5. Electromagnetic gravity.

   • Gravity was the greatest problem and was the last of my realizations. At first I thought of a jumble of electromagnetic remnants as the diminished fields from all photons mingled in space. Then when I saw that electromagnetic saturation was the natural form of photon central points, I knew the answer. It was solid. It was mathematically predictable.

   • The answer is this: The saturation amplitude of the central point in photons must be reached within the remnant fields of all other photons in the universe. These fields contribute toward saturation. Electromagnetic saturation amplitude is a property of space itself. Saturation must therefore occur at an offset toward increasing field strength of the remnant fields. That is gravity.
6. Nuclear Dynamics.

   • It was sometime after the year 2000 that I realized that the mechanism of nuclear dynamics was obvious in the photon particle structure that I hypothesized.

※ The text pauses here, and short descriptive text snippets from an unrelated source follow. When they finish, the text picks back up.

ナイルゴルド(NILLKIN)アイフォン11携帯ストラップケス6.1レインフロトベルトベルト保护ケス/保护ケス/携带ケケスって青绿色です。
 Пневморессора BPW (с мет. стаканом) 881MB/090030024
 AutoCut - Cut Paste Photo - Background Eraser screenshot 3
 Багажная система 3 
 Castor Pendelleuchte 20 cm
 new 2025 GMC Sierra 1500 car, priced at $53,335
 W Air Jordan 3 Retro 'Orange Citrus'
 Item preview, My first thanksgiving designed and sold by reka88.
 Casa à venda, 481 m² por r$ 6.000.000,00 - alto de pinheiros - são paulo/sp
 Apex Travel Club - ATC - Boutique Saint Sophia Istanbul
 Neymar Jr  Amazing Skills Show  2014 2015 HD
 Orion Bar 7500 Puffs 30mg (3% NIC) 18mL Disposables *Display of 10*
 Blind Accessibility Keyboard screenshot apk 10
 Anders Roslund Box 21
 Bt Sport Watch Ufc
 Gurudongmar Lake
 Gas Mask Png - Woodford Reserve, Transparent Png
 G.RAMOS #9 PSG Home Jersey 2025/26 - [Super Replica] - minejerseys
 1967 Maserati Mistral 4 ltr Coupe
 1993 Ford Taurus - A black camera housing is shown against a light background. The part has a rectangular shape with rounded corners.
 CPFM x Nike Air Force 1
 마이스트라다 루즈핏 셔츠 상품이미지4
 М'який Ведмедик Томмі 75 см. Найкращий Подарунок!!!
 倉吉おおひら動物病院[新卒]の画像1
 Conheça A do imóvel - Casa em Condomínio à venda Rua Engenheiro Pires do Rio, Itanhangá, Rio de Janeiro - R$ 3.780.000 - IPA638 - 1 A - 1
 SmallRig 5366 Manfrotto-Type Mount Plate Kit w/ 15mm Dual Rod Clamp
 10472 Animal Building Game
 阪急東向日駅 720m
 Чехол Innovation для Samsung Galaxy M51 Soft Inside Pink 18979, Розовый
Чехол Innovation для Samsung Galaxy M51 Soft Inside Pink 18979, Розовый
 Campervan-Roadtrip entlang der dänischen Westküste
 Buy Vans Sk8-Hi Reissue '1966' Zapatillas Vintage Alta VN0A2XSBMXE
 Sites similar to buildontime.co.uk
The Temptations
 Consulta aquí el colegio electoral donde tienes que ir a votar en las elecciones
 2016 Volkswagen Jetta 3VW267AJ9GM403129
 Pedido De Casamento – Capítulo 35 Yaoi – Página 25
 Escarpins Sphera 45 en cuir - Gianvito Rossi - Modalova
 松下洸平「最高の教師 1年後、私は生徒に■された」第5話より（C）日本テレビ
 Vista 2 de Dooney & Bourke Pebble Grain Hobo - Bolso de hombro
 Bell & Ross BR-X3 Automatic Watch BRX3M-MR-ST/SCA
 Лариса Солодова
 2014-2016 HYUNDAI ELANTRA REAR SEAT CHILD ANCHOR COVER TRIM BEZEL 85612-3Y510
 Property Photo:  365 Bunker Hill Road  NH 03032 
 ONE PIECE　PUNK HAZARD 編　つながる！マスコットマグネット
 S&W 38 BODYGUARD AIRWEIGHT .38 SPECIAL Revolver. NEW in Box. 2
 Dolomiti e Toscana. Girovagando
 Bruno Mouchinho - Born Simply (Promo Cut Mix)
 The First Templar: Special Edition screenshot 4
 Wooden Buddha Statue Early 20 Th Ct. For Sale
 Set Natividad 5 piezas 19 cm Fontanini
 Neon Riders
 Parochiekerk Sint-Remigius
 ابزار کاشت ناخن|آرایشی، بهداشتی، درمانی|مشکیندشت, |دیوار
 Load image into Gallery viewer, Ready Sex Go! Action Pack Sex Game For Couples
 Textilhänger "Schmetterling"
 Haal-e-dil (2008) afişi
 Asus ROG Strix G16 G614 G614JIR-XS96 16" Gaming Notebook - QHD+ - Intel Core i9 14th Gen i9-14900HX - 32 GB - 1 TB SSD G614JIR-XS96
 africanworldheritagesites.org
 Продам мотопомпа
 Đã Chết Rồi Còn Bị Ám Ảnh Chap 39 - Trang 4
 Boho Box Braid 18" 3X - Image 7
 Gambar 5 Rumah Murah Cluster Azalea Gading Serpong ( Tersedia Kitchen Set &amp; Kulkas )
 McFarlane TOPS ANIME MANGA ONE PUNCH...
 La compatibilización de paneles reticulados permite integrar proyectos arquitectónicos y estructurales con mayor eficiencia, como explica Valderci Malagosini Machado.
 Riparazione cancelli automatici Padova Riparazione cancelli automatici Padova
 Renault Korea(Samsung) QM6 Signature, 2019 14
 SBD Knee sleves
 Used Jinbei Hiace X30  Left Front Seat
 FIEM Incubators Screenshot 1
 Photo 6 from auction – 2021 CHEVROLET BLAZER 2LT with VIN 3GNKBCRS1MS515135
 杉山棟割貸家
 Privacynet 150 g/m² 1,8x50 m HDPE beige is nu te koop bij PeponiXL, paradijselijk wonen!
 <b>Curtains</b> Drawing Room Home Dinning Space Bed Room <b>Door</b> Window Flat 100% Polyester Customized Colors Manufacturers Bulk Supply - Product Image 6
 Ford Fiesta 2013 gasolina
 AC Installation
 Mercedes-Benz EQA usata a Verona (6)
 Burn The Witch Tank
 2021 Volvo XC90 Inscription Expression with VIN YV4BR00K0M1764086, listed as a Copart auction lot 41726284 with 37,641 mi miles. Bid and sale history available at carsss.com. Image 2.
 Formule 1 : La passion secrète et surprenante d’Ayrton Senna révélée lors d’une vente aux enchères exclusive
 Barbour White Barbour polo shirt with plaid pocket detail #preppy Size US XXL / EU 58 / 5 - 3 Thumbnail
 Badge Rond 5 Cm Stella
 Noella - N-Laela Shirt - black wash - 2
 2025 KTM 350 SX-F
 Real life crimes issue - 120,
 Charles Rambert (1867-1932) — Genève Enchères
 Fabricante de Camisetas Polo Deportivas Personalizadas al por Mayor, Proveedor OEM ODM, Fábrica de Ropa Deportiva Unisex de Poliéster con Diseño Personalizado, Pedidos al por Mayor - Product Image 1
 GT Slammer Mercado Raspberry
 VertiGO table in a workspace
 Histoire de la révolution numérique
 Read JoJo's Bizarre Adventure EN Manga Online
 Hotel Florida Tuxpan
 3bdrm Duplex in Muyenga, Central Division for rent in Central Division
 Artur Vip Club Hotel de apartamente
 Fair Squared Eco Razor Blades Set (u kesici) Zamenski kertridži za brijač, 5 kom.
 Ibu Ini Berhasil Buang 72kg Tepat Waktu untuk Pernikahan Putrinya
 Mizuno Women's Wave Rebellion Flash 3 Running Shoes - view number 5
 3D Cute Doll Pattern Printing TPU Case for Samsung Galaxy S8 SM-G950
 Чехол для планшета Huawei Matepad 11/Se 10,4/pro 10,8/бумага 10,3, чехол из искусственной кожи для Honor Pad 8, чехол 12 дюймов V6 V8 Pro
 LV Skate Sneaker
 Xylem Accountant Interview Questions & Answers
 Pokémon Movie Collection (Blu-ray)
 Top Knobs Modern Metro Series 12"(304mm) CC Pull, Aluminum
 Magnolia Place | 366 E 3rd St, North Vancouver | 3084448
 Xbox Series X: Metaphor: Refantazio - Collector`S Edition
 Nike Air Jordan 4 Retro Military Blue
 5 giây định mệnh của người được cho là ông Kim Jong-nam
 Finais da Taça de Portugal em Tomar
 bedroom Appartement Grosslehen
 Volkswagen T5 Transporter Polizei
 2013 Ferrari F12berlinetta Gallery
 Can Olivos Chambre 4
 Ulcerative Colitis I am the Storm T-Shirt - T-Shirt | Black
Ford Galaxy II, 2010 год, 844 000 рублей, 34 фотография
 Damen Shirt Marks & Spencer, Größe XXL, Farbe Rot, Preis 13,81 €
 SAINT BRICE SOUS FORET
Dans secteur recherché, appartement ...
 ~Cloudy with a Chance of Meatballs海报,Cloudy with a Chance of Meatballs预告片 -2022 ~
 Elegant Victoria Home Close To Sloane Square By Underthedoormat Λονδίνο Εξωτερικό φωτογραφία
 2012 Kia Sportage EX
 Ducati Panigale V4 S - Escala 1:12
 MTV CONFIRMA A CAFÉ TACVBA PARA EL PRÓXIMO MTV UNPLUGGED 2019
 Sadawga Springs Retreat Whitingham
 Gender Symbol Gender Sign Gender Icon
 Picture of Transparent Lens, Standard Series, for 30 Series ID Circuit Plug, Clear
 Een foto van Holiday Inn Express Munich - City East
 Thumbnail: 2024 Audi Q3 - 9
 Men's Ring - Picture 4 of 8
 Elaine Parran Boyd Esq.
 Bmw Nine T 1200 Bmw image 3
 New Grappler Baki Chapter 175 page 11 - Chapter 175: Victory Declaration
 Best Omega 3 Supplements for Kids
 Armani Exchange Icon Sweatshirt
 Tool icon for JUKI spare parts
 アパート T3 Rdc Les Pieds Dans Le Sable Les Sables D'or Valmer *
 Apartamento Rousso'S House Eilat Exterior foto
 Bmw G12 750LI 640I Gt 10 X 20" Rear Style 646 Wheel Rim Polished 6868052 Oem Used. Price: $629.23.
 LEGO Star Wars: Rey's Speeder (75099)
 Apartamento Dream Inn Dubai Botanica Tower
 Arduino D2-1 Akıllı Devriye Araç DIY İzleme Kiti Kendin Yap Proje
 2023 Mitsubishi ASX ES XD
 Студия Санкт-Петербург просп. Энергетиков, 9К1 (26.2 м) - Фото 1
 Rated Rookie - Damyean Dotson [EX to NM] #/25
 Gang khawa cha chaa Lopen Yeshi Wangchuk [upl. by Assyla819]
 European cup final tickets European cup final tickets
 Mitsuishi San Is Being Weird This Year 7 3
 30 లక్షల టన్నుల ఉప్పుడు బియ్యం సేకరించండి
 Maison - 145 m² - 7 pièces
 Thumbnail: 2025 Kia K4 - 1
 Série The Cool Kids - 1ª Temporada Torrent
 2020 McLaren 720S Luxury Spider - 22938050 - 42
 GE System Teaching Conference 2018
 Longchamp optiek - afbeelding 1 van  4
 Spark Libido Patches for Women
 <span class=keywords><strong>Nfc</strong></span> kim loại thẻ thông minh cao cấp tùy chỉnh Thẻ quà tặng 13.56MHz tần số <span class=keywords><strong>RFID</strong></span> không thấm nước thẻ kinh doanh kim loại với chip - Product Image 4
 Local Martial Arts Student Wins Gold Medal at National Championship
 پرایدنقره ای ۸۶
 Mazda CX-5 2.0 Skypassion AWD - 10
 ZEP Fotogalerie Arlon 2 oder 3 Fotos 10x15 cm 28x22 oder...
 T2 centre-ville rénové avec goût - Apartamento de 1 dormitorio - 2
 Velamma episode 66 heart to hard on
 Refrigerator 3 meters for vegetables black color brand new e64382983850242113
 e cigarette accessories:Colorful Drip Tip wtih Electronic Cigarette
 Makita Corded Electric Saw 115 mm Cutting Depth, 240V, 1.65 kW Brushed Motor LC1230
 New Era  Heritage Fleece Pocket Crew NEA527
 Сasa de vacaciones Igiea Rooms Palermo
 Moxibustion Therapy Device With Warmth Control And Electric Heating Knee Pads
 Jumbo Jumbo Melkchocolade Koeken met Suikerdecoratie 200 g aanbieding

The strong nuclear force seems to increase with distance for a very short distance, then disappear when that distance is exceeded.

   • I knew that electric charge amplitudes equal to the strong force were present in the model, but didn't realize how the dynamic developed. When I pondered this in my later years, I saw that the inner shells of protons must be trapped inside the outer shells.

   • This gives the dynamic, but there is a lingering doubt about the charge amplitude. It must develop from the two outside shells of the proton, shells 2, and the two inner shells 3. The sum of these four add up to the value of the strong nuclear interaction.

   • There is, however, another possibility. It is possible that the two shells 4 might punch through shells 3 and find equilibrium. That situation could provide a much more powerful bond. That kind of binding might be what we see in neutron stars and such.

7. The Nature of the Electron Orbit.

   • There is a problem with the classic notion that electrons might orbit atomic nuclei and be held in place by electromagnetic force. Instead they seem to exist in a kind of cloud around the nuclei. In the model that I propose, the electrons engulf the nuclei with the same shell structure pattern as the nucleons themselves. Electrons avoid ever being in the same state by occupying different planes around the nuclei.

   • I realized this just recently and may never develop a solid hypothesis about it. There is enough information about probable positions of electrons around nuclei to allow some good ideas. The overlapping planes must necessarily predict the dumbbell shaped patterns we observe for electron positions around nuclei.